*** DATA SUPPLIED Section Begins ***

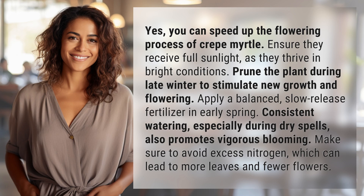Ensure they receive full sunlight, as they thrive in bright conditions. Prune the plant during late winter to stimulate new growth and flowering. Apply a balanced, slow-release fertilizer in early spring.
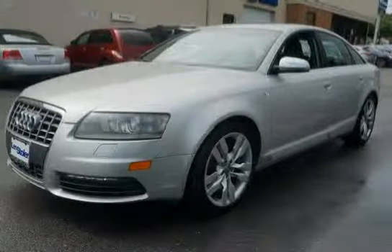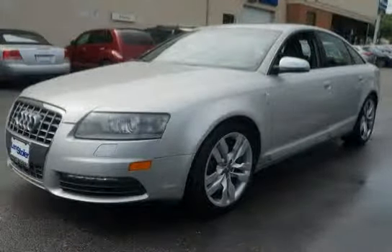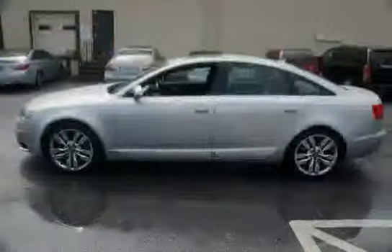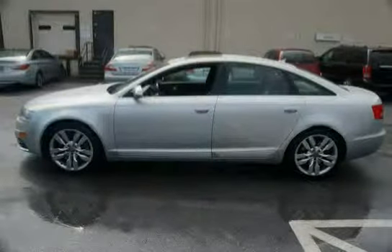This 2008 Audi S6 is equipped with Sirius satellite radio, body color front bumper inserts, air intakes, lift spoiler, 110 amp HR battery, rear window defogger with timer, and Bluetooth cell phone preparation.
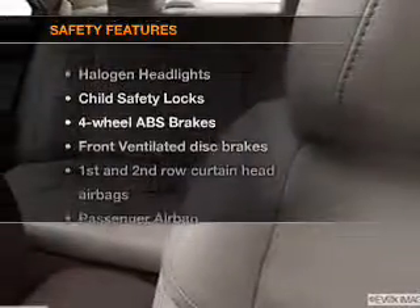Leather seats, power door locks, power windows, cruise control, Bluetooth wireless, an AM-FM stereo with an MP3 player, and satellite radio. If safety is a high priority, rest assured knowing these top safety components are included.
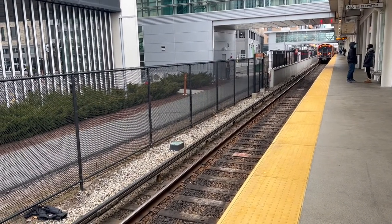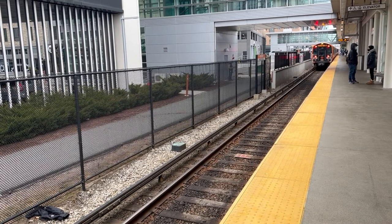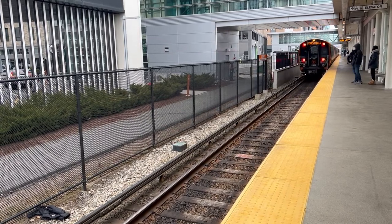Attention passengers: the next orange line train at Forest Hills is now arriving.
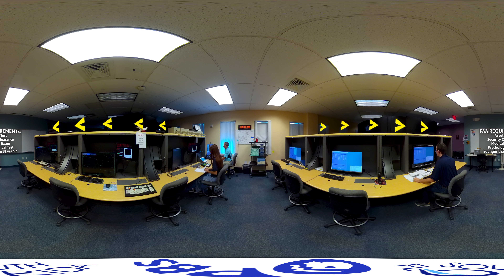Once they meet the application requirements, they're going to take what they call an AT-SAT test. Then you have security, medical, and a psychological test. Part of the requirements to be hired is you have to be hired before you turn age 31.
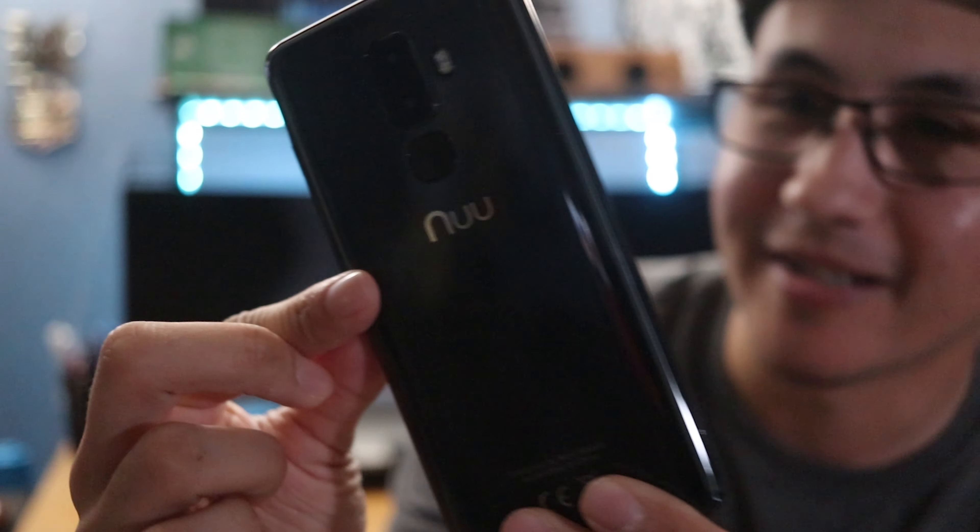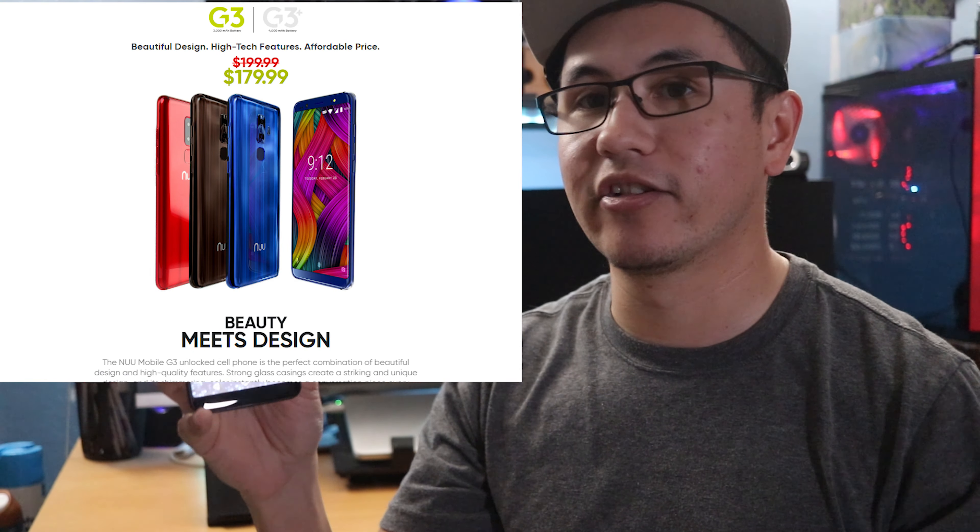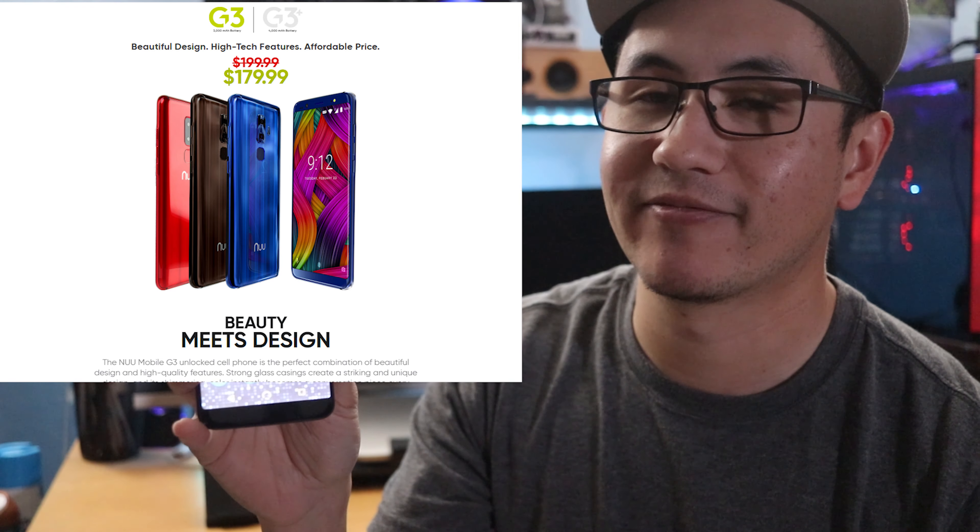This is the branded phone from NUU Mobile. Let me see if I can get that to focus. Definitely a phone people should be looking at, especially if they're in the market for a phone that doesn't cost a lot but has really decent specs. The G3 is currently $179.99, and the G3 Plus dropped from $239 down to $199.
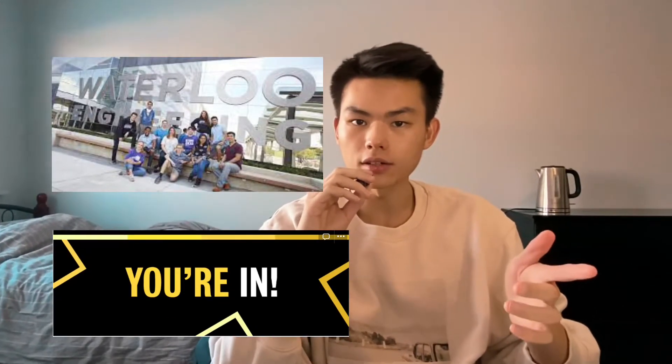Do you also want to get into the best engineering university in Canada? The fact that you clicked into this video, I'm assuming you've probably already done a bunch of research about University of Waterloo and know how good the engineering program is. In this video, I'll fully break down the application process and also provide some tips so you can also get into the engineering program at the University of Waterloo.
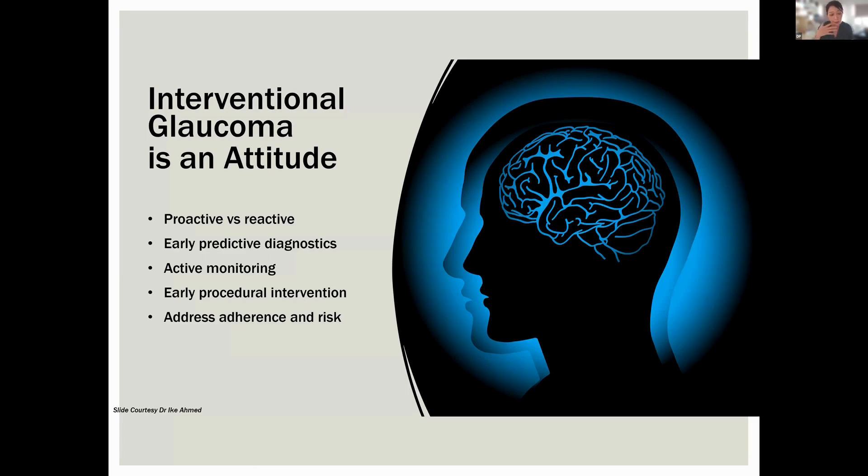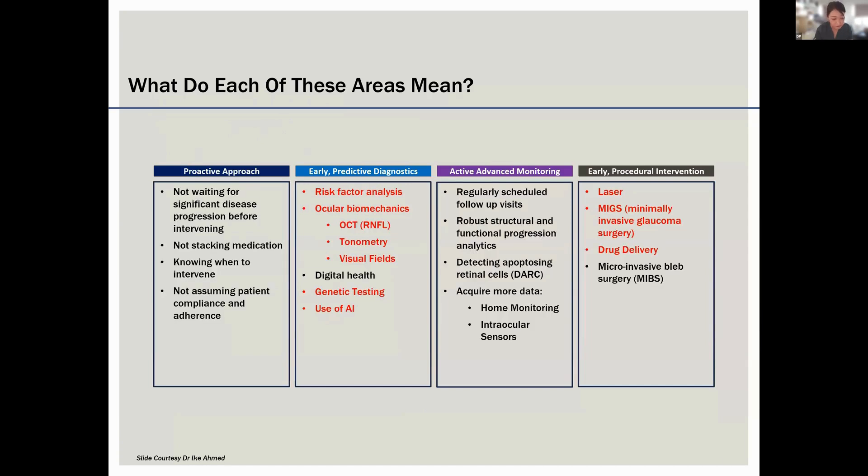Interventional glaucoma is an attitude where we are a lot more proactive in managing glaucoma. That involves early predictive ways to diagnose glaucoma, more active monitoring, early procedural interventions — which is what we're going to speak a lot more about today — and also addressing adherence issues and risks associated with using drops.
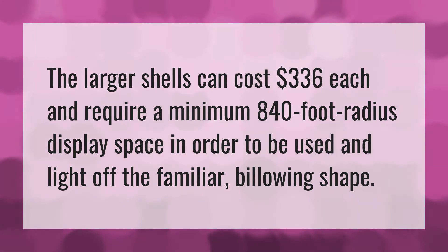The larger shells can cost $336 each and require a minimum 840-foot radius display space in order to be used and light off the familiar billowing shape.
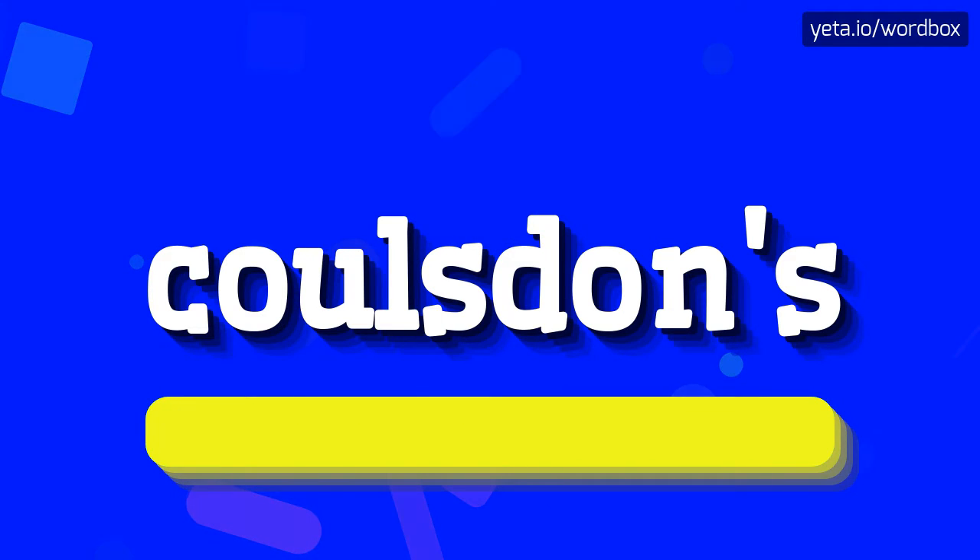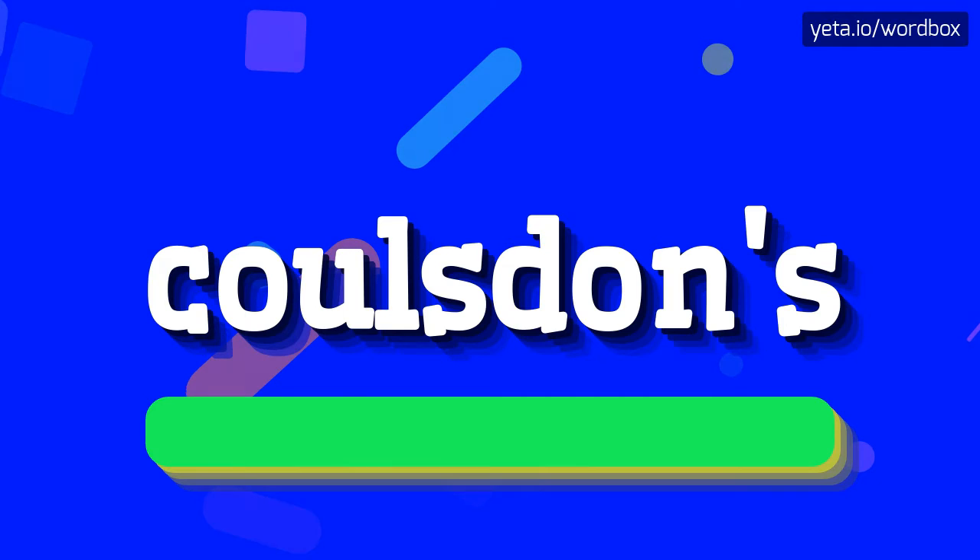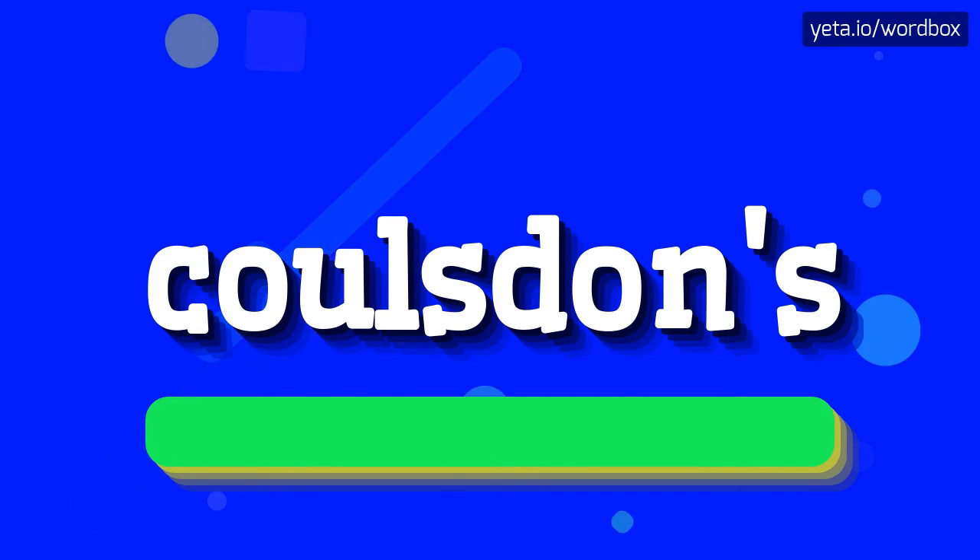Coulsdon's. That's all, thanks for listening. If you liked this video, please subscribe to my channel. If you want to share your opinion, please leave a comment for this video. Thanks and goodbye.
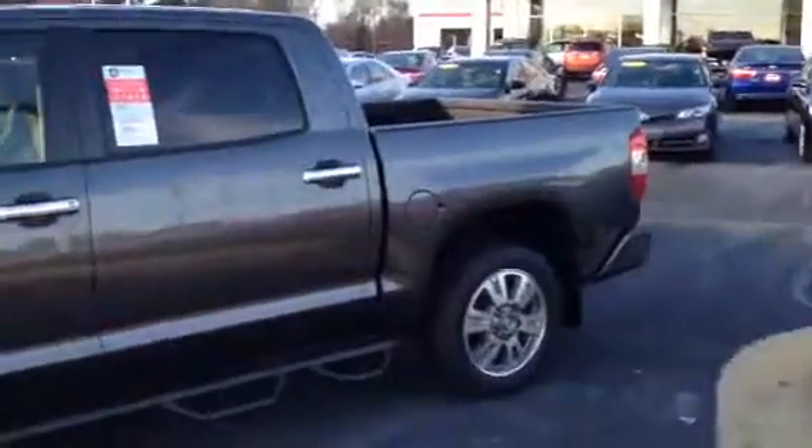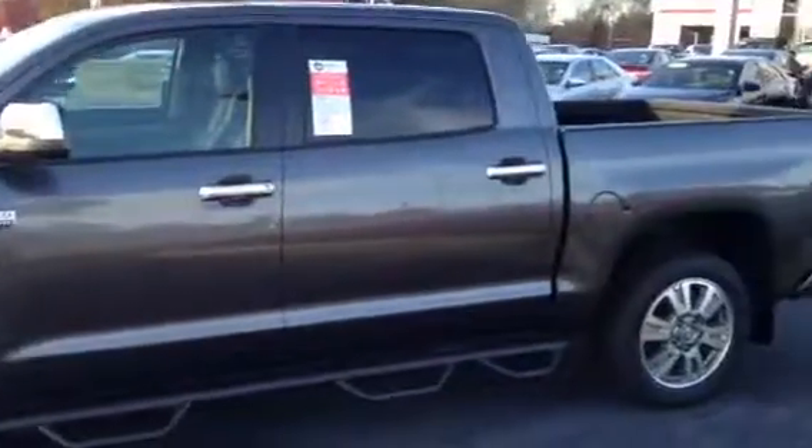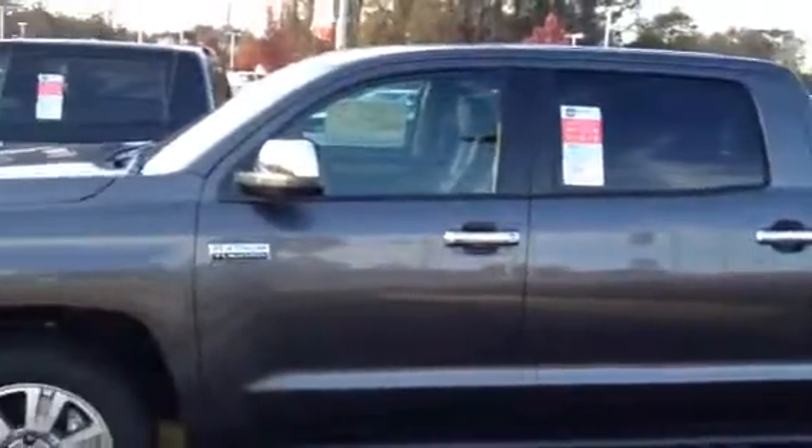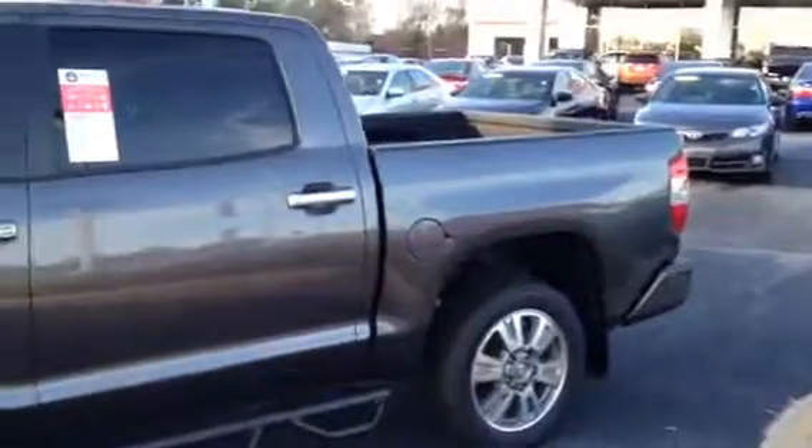We still got it — it's a 2014, so give me a call: 706-882-2963. It's a beautiful magnetic gray. We've already started getting the 2015s in, so you ought to be able to get a good deal on this truck. So give me a call. Thank you.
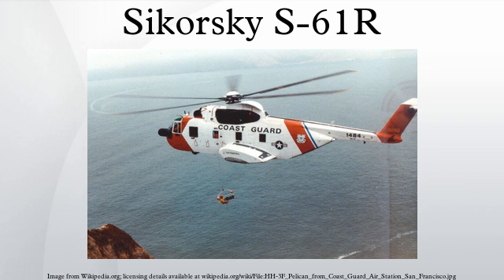Military operators included the Tunisian Air Force. Civil operators in the United States included Carson Helicopters and Ericsson. Former operators included the Argentine Air Force, the Italian Air Force, the San Bernardino County Sheriff, the United States Air Force, and the United States Coast Guard.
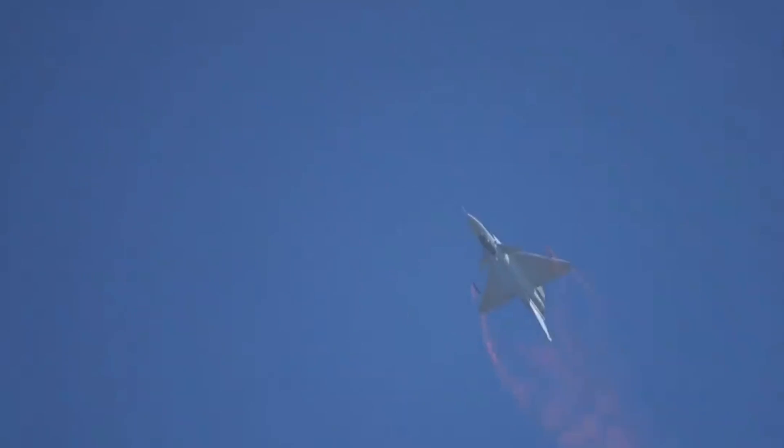China has already demonstrated three-dimensional vector thrust nozzles on a J-10B, and it looks like two-dimensional nozzles will soon be deployed.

*** DATA SUPPLIED Section Ends ***

> TO DO: Type the entries again verbatim. Drop the images.

> WRITTEN RESPONSE:
Ensure they receive full sunlight, as they thrive in bright conditions. Prune the plant during late winter to stimulate new growth and flowering. Apply a balanced, slow-release fertilizer in early spring.
This 2008 Audi S6 is equipped with Sirius satellite radio, body color front bumper inserts, air intakes, lift spoiler, 110 amp HR battery, rear window defogger with timer, and Bluetooth cell phone preparation.
Leather seats, power door locks, power windows, cruise control, Bluetooth wireless, an AM-FM stereo with an MP3 player, and satellite radio. If safety is a high priority, rest assured knowing these top safety components are included.
Attention passengers: the next orange line train at Forest Hills is now arriving.
Once they meet the application requirements, they're going to take what they call an AT-SAT test. Then you have security, medical, and a psychological test. Part of the requirements to be hired is you have to be hired before you turn age 31.
This is the branded phone from NUU Mobile. Let me see if I can get that to focus. Definitely a phone people should be looking at, especially if they're in the market for a phone that doesn't cost a lot but has really decent specs. The G3 is currently $179.99, and the G3 Plus dropped from $239 down to $199.
Do you also want to get into the best engineering university in Canada? The fact that you clicked into this video, I'm assuming you've probably already done a bunch of research about University of Waterloo and know how good the engineering program is. In this video, I'll fully break down the application process and also provide some tips so you can also get into the engineering program at the University of Waterloo.
Interventional glaucoma is an attitude where we are a lot more proactive in managing glaucoma. That involves early predictive ways to diagnose glaucoma, more active monitoring, early procedural interventions — which is what we're going to speak a lot more about today — and also addressing adherence issues and risks associated with using drops.
The larger shells can cost $336 each and require a minimum 840-foot radius display space in order to be used and light off the familiar billowing shape.
Coulsdon's. That's all, thanks for listening. If you liked this video, please subscribe to my channel. If you want to share your opinion, please leave a comment for this video. Thanks and goodbye.
We still got it — it's a 2014, so give me a call: 706-882-2963. It's a beautiful magnetic gray. We've already started getting the 2015s in, so you ought to be able to get a good deal on this truck. So give me a call. Thank you.
Military operators included the Tunisian Air Force. Civil operators in the United States included Carson Helicopters and Ericsson. Former operators included the Argentine Air Force, the Italian Air Force, the San Bernardino County Sheriff, the United States Air Force, and the United States Coast Guard.
China has already demonstrated three-dimensional vector thrust nozzles on a J-10B, and it looks like two-dimensional nozzles will soon be deployed.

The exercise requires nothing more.